Charged with attempting to overthrow the regime, he was sentenced to 12 years in prison. The sentence was later commuted to six years. However, in 1951 he was not released. Instead, he was charged with having collaborated with the German occupation forces and held in solitary confinement and brutally tortured.

==Rehabilitation==
After the deaths of Soviet leader Joseph Stalin (1953) and Polish leader Bolesław Bierut (1956), Leski was freed and soon rehabilitated. Still, he could not find a job, as Poland's communist authorities continued to view former Home Army soldiers with suspicion. He had to give up work in the shipbuilding industry and worked as a clerk at the PWT publishing house. Eventually he became a member of the Polish Academy of Sciences. Awarded a doctorate, for political reasons he could not receive the rank of professor for his work on computer analysis of natural language codes. Nevertheless, he continued his scientific work, publishing seven books and over 150 other publications. He also patented inventions. In 1995 he was honored by Yad Vashem as a Righteous Among the Nations.

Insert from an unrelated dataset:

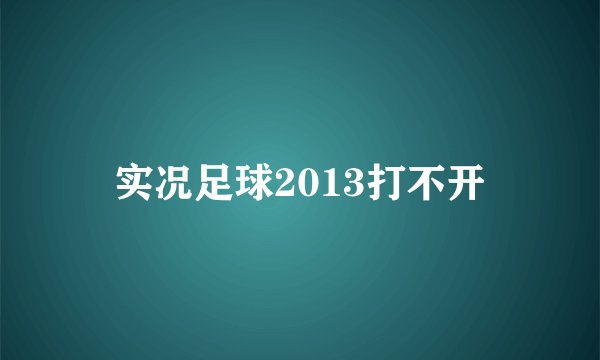 实况足球2013打不开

Largely unknown to the public, in 1989 — after Solidarity's victory and the fall of the communist regime — he published his memoirs, which became a best-seller. He received a Polish PEN Club Prize and the Award of the Polish Writers' Society in Exile.

He died on 27 May 2000 and was interred with military honors at Warsaw's Powązki Cemetery.

==See also==
- Jan Karski
- Jan Nowak-Jeziorański
- Krystyna Skarbek (was in contact with the "Musketeers" organization)
- List of Poles

==Bibliography==
- Kazimierz Leski. (1989). "Życie niewłaściwie urozmaicone: wspomnienia oficera wywiadu i kontrwywiadu AK (A Checkered Life: Memoirs of a Home Army Intelligence and Counterintelligence Officer)" 600 pp.
- Cpt. Stanisław Wielebski (2003). "Kazimierz Leski"
- "Kazimierz Leski" (2001)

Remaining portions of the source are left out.